▸ **What is required**:
Below, locate the line that contains "This Pound note". Repeat exactly from that line to the line that contains "Kommode - alpinweiß-Kristallweißglas", inclusive, leaving out the pictures.

▸ **Available data**:

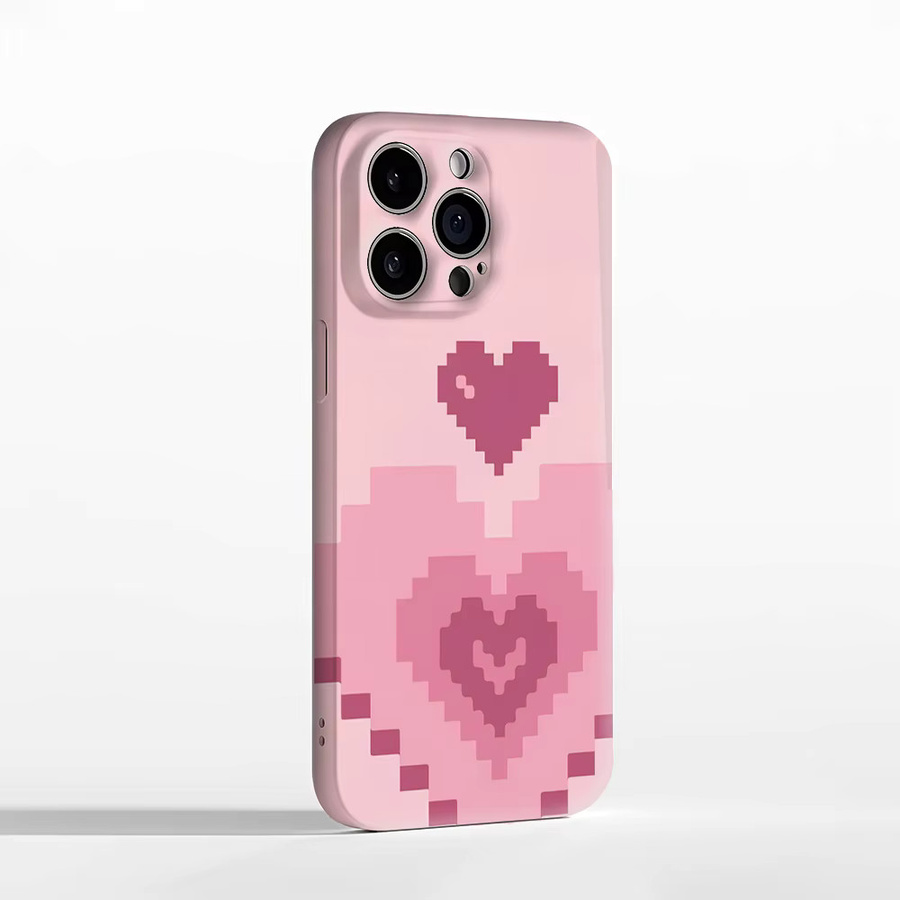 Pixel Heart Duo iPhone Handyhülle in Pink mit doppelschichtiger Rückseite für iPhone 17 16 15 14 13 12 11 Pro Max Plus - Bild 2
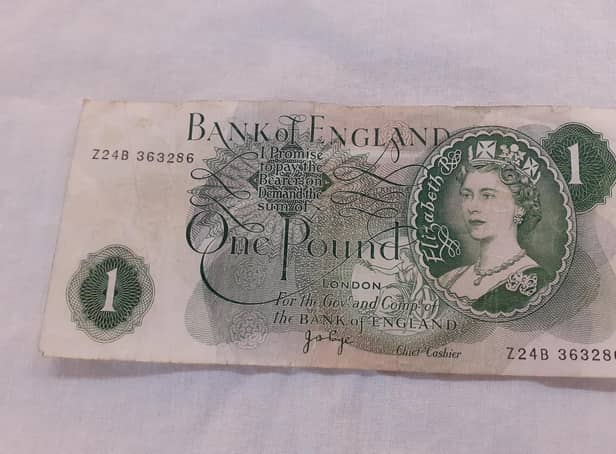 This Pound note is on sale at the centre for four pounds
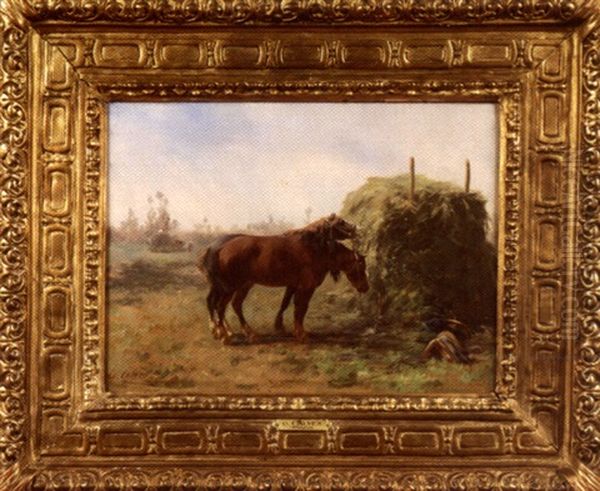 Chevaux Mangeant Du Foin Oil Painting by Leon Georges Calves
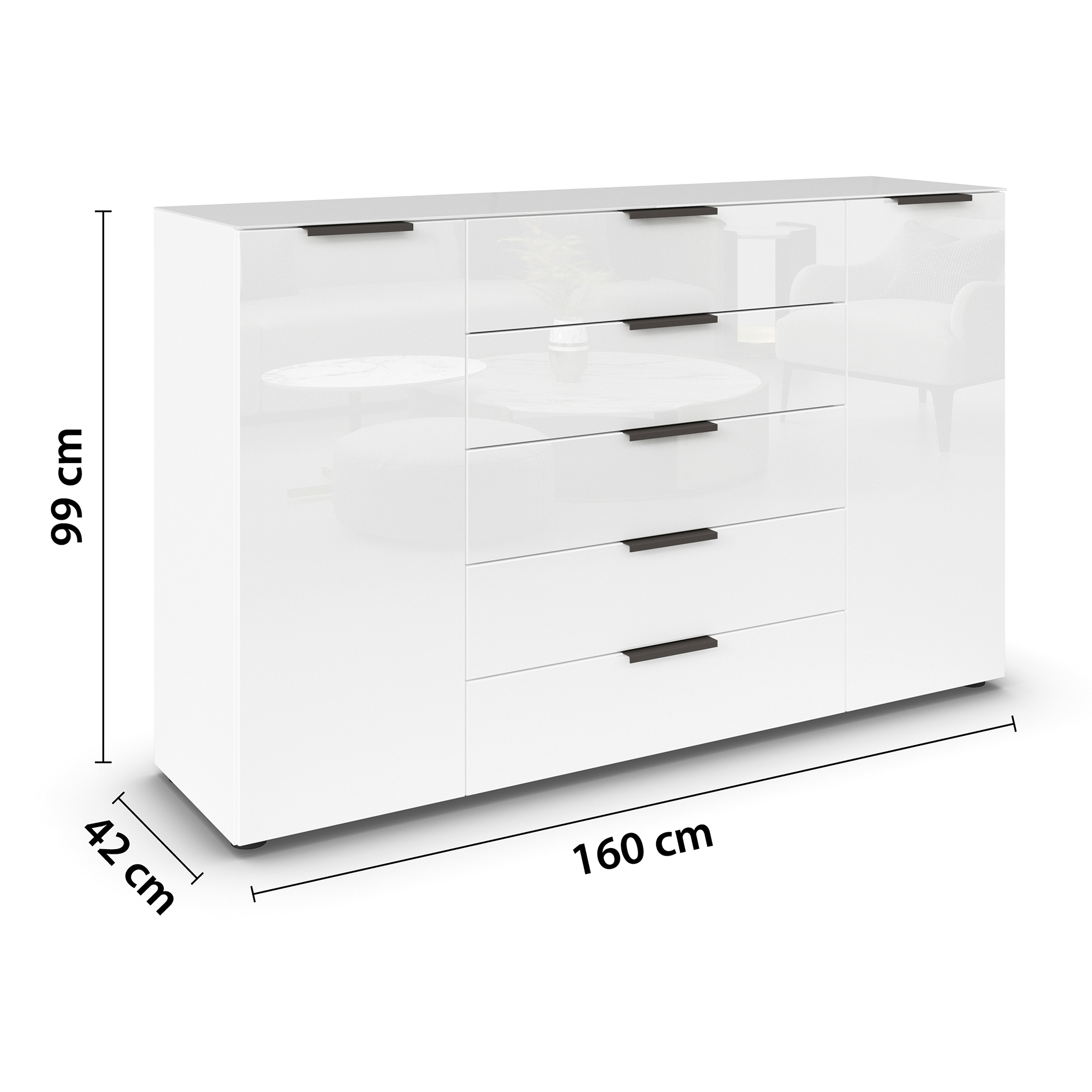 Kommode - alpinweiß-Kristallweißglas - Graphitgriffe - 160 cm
---
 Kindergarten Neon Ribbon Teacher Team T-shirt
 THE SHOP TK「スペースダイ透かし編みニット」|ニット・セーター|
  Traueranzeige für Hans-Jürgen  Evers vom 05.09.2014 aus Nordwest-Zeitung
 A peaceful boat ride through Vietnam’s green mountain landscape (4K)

▸ **Answer below**:
 This Pound note is on sale at the centre for four pounds
 Chevaux Mangeant Du Foin Oil Painting by Leon Georges Calves
 Kommode - alpinweiß-Kristallweißglas - Graphitgriffe - 160 cm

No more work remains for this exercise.